[Extracted data — start]

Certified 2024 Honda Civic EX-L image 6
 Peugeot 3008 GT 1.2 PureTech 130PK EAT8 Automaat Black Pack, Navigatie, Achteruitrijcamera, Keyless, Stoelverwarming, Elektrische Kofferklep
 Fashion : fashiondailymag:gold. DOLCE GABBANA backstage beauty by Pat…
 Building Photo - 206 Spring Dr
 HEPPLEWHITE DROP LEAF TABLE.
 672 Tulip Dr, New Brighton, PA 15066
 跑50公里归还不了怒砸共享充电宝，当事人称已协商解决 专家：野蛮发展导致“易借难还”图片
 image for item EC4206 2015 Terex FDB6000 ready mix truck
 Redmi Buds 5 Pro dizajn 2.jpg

[Extracted data — finish]

**What you should do:** What is needed is an exact copy of the line containing "image for item" and each line after it, through the final line of the entries above.

**Written answer:**
 image for item EC4206 2015 Terex FDB6000 ready mix truck
 Redmi Buds 5 Pro dizajn 2.jpg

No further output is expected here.